From mboxrd@z Thu Jan  1 00:00:00 1970
Return-Path: <linux-kernel-owner@vger.kernel.org>
Received: (majordomo@vger.kernel.org) by vger.kernel.org via listexpand
	id S1757773Ab0CLKrc (ORCPT <rfc822;w@1wt.eu>);
	Fri, 12 Mar 2010 05:47:32 -0500
Received: from gir.skynet.ie ([193.1.99.77]:59540 "EHLO gir.skynet.ie"
	rhost-flags-OK-OK-OK-OK) by vger.kernel.org with ESMTP
	id S1757476Ab0CLKra (ORCPT <rfc822;linux-kernel@vger.kernel.org>);
	Fri, 12 Mar 2010 05:47:30 -0500
Date: Fri, 12 Mar 2010 10:47:12 +0000
From: Mel Gorman <mel@csn.ul.ie>
To: Andrew Morton <akpm@linux-foundation.org>
Cc: Christian Ehrhardt <ehrhardt@linux.vnet.ibm.com>, linux-mm@kvack.org,
       Nick Piggin <npiggin@suse.de>, Chris Mason <chris.mason@oracle.com>,
       Jens Axboe <jens.axboe@oracle.com>, linux-kernel@vger.kernel.org
Subject: Re: [RFC PATCH 0/3] Avoid the use of congestion_wait under zone
	pressure
Message-ID: <20100312104712.GB18274@csn.ul.ie>
References: <1268048904-19397-1-git-send-email-mel@csn.ul.ie> <20100311154124.e1e23900.akpm@linux-foundation.org> <4B99E19E.6070301@linux.vnet.ibm.com> <20100312020526.d424f2a8.akpm@linux-foundation.org>
MIME-Version: 1.0
Content-Type: text/plain; charset=iso-8859-15
Content-Disposition: inline
In-Reply-To: <20100312020526.d424f2a8.akpm@linux-foundation.org>
User-Agent: Mutt/1.5.17+20080114 (2008-01-14)
Sender: linux-kernel-owner@vger.kernel.org
List-ID: <linux-kernel.vger.kernel.org>
X-Mailing-List: linux-kernel@vger.kernel.org

On Fri, Mar 12, 2010 at 02:05:26AM -0500, Andrew Morton wrote:
> On Fri, 12 Mar 2010 07:39:26 +0100 Christian Ehrhardt <ehrhardt@linux.vnet.ibm.com> wrote:
> 
> > 
> > 
> > Andrew Morton wrote:
> > > On Mon,  8 Mar 2010 11:48:20 +0000
> > > Mel Gorman <mel@csn.ul.ie> wrote:
> > > 
> > >> Under memory pressure, the page allocator and kswapd can go to sleep using
> > >> congestion_wait(). In two of these cases, it may not be the appropriate
> > >> action as congestion may not be the problem.
> > > 
> > > clear_bdi_congested() is called each time a write completes and the
> > > queue is below the congestion threshold.
> > > 
> > > So if the page allocator or kswapd call congestion_wait() against a
> > > non-congested queue, they'll wake up on the very next write completion.
> > 
> > Well the issue came up in all kind of loads where you don't have any 
> > writes at all that can wake up congestion_wait.
> > Thats true for several benchmarks, but also real workload as well e.g. A 
> > backup job reading almost all files sequentially and pumping out stuff 
> > via network.
> 
> Why is reclaim going into congestion_wait() at all if there's heaps of
> clean reclaimable pagecache lying around?
> 
> (I don't thing the read side of the congestion_wqh[] has ever been used, btw)
> 

I believe it's a race albeit one that has been there a long time.

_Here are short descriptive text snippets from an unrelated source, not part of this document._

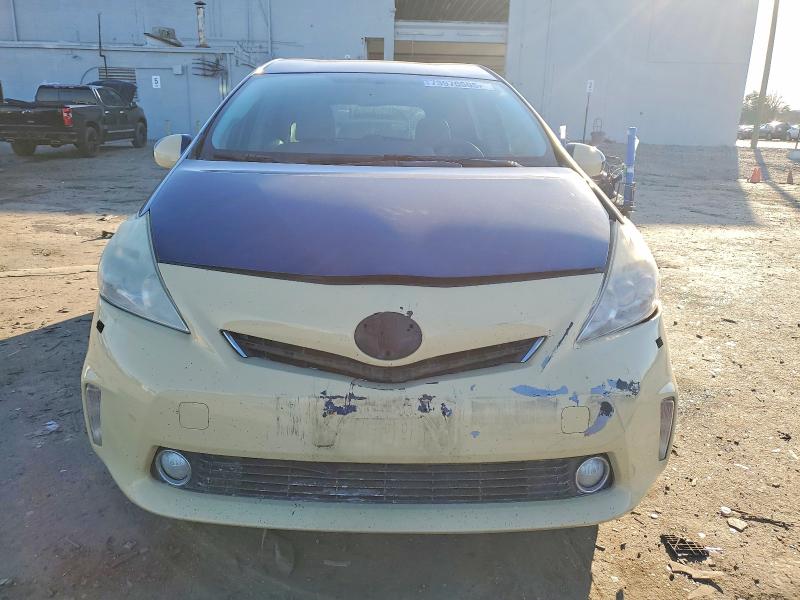 Photo 5 from auction – 2012 TOYOTA PRIUS V with VIN JTDZN3EU0C3068386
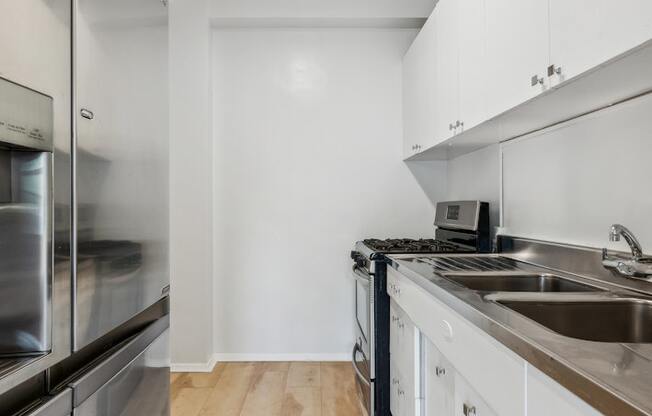 2 beds, 1 bath, $3,000, Unit 1E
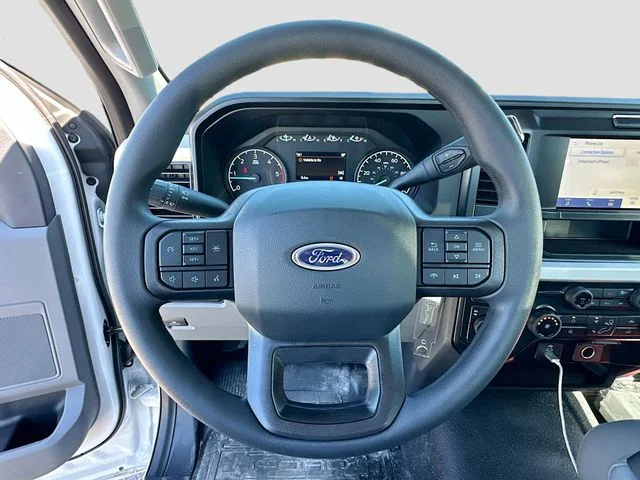 New 2026 Oxford White Ford XL image 7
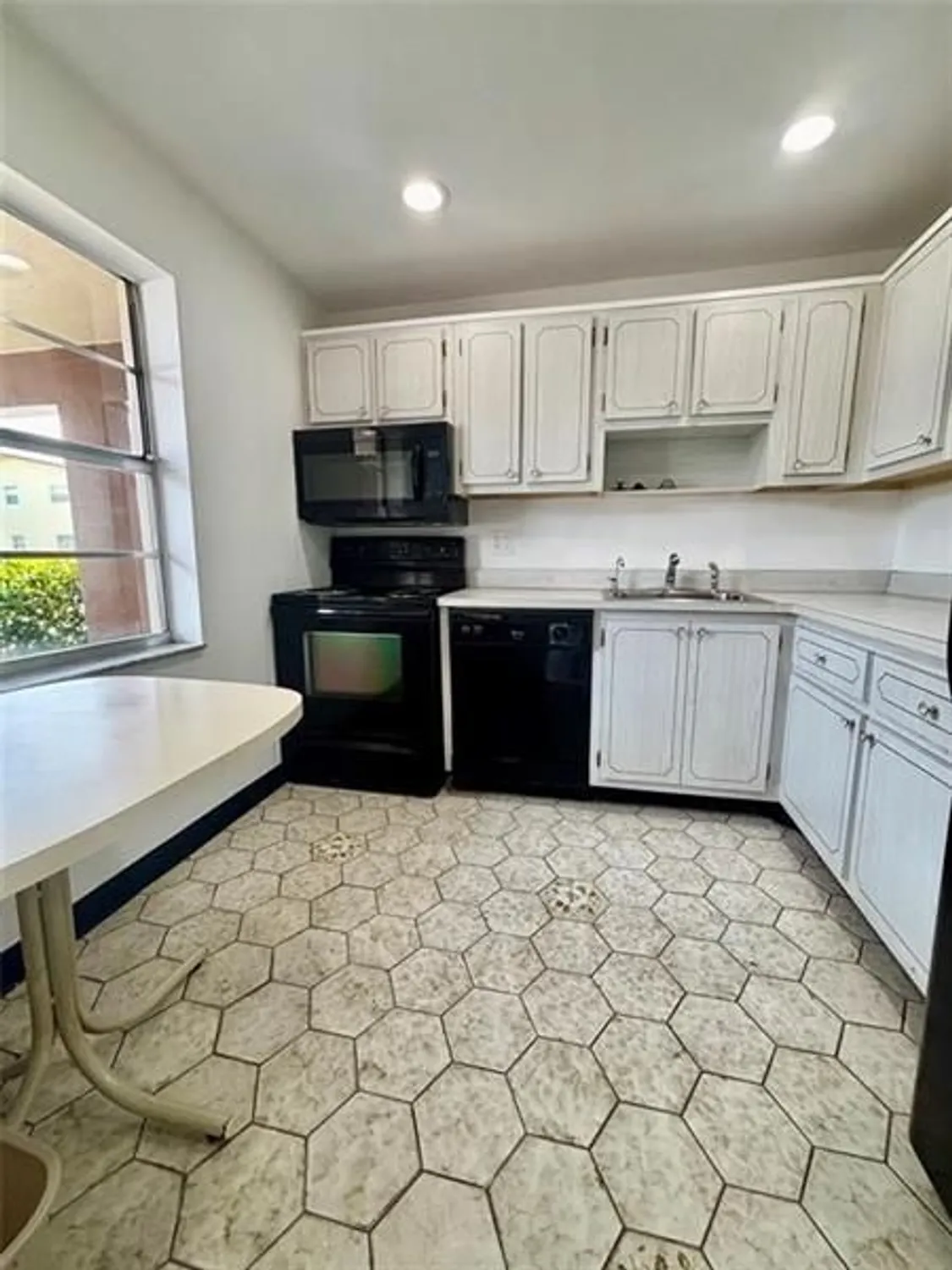 Property Slideshow image 29 of 32 | 7600 nw 5th pl apt 102, Margate, FL, 33063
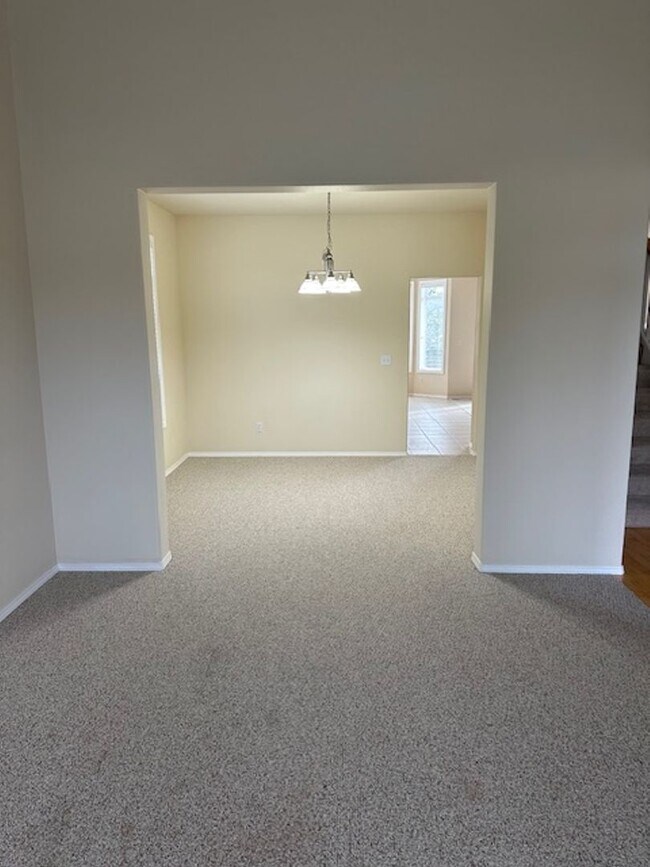 Foto del edificio - Home Located in Grand Oaks- Access to pool...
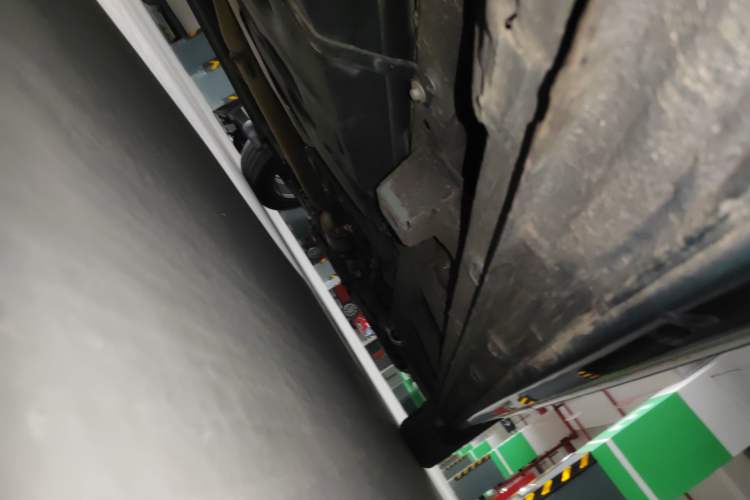 Used Roewe iMAX8 2021 400TGI Supreme Series Prestige Edition Chassis Rear Right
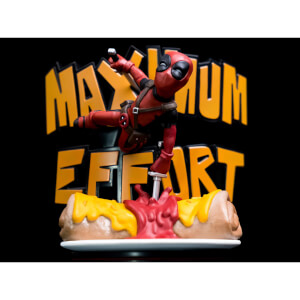 Marvel Deadpool Maximum Effort MAX Diorama Q-Fig Vinyl Figure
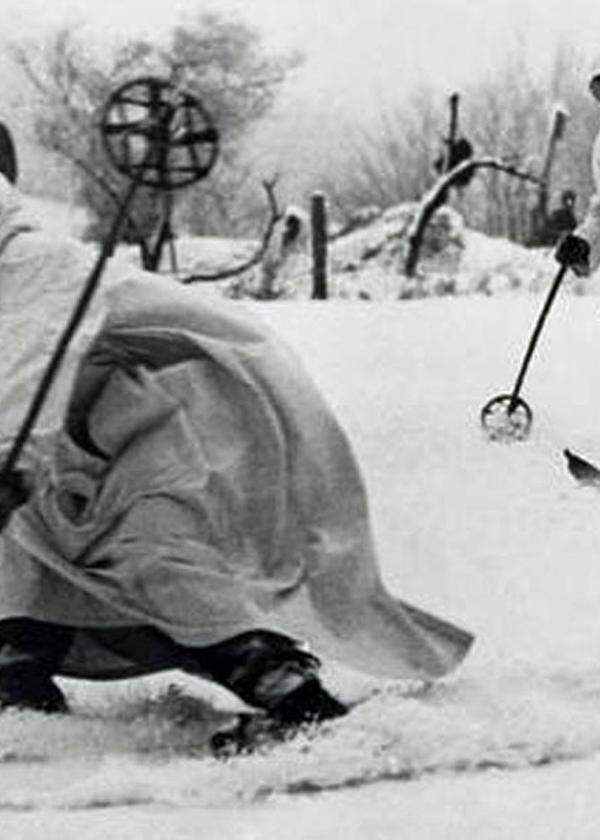 Finnische Skitruppen. Zumindest Gasmasken erwiesen sich als unnötig, da im Winterkrieg keine Chemiewaffen zum Einsatz kamen.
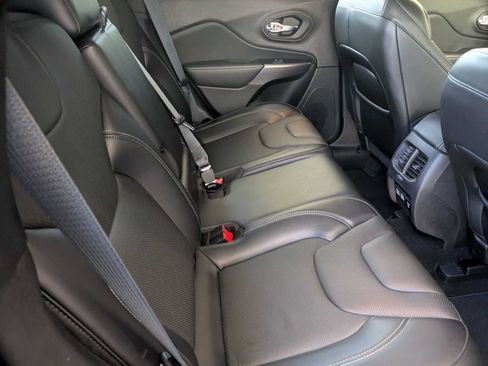 Used 2021 Jeep Cherokee Limited AWD/4WD image 23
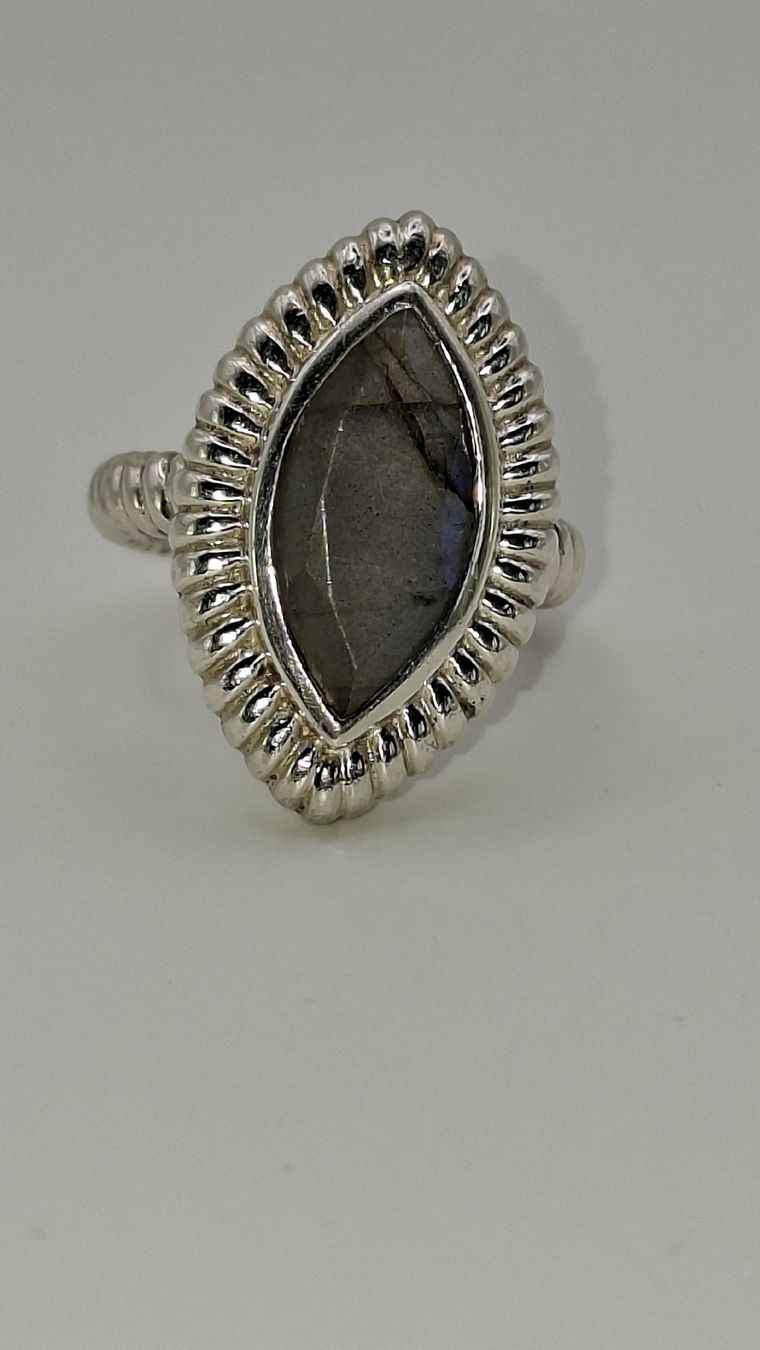 Olga Ribler Ringe: Grosser Silberring 925 mit Labradorit Stein 💍. – Gebraucht aus Kriens von Wolly85 1
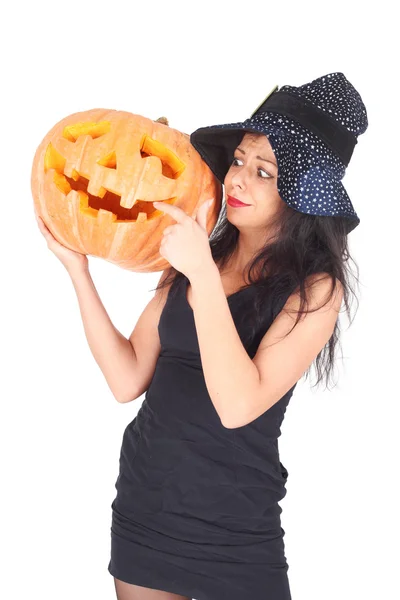 Häxa med halloween pumpa — Stockfoto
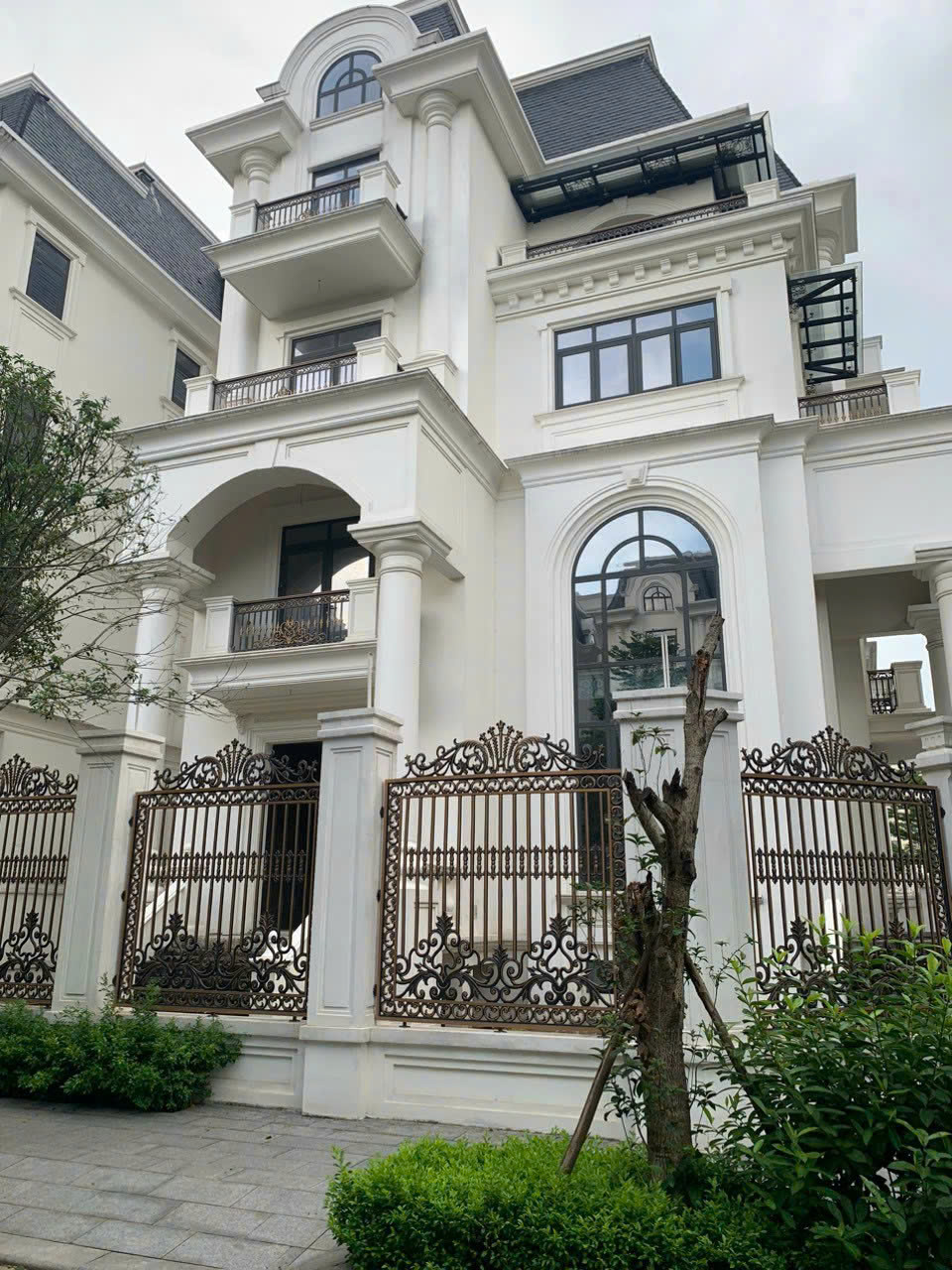 Cho thuê nhà, Chùa Bộc, Phạm Ngọc Thạch, THANG MÁY, 317m2x 4T -62 tr 16008104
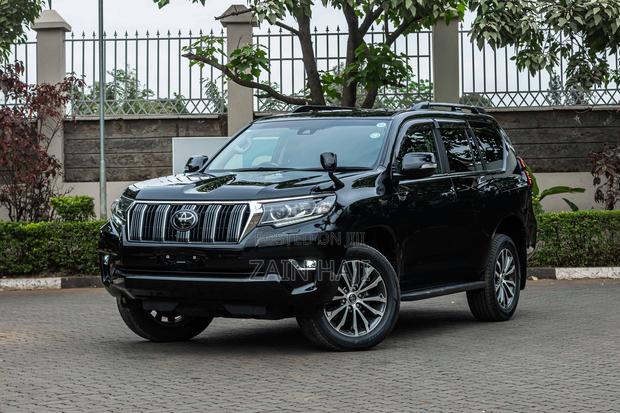 Toyota Land Cruiser Prado 2.8 2019 Black
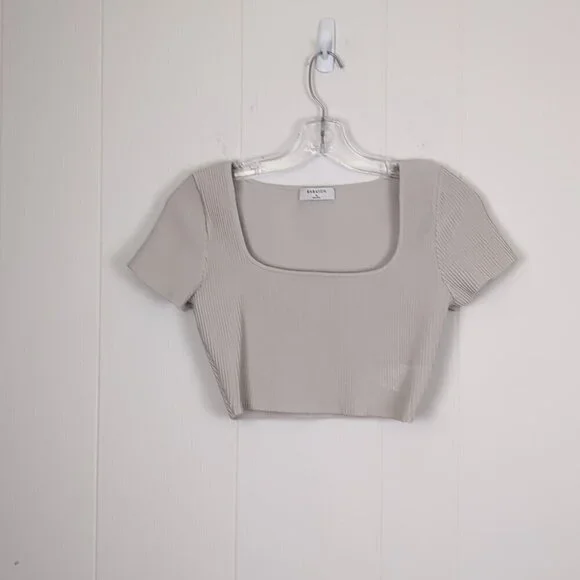 Aritzia babaton sculpt knit square neck crop tee - Picture 4 of 5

In __alloc_pages_direct_reclaim, a process does approximately the
following

1. Enters direct reclaim
2. Calls cond_reched()
3. Drain pages if necessary
4. Attempt to allocate a page

Between steps 2 and 3, it's possible to have reclaimed the pages but
another process allocate them. It then proceeds and decides try again
but calls congestion_wait() before it loops around.

Plenty of read cache reclaimed but no forward progress.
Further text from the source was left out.